Regulation will ensure quality mergers
The number of flotations via the SPAC route may continue at a record rate, but a complex accounting rule change introduced by the SEC in April has had a negative effect on SPAC share prices. The regulator is also set to issue guidance on how acquisition targets are valued and revenues are projected.
SPACs are comparatively rare in the UK, but there could be a change to the City’s listing rules that would result in a wave of flotations. The current rules mean that investors in each SPAC are locked into their holdings while it’s conducting an acquisition, which can take several months, from identifying a target to completing the deal. But the Financial Conduct Authority is considering whether to grant more flexibility for SPAC shares to be traded without suspension during this process – which is what the SEC allows. Harris expects that, if this happens, SPACs will have to become more transparent and show that they have strong protections in place for investors to prevent disorderly share trading.

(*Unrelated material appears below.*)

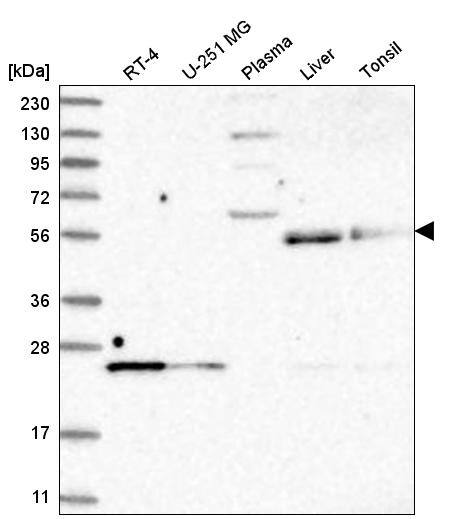 UNC93A Antibody - BSA Free Western Blot: UNC93A Antibody - BSA Free [NBP1-90576]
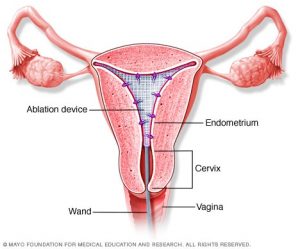 My Endometrial Ablation Experience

Regulators on both sides of the Atlantic will be hoping that investors become more aware of the risks of investing in SPACs, according to Manturov. There is, of course, no guarantee that any future SPAC transaction won’t be a dud, but disasters should be less likely to occur, he predicts.
“Increased attention from regulators will help to stabilise the SPAC market, reduce risk and warn investors against trading less suitable transactions,” Manturov says. “This, in turn, should prevent low-quality SPAC deals.”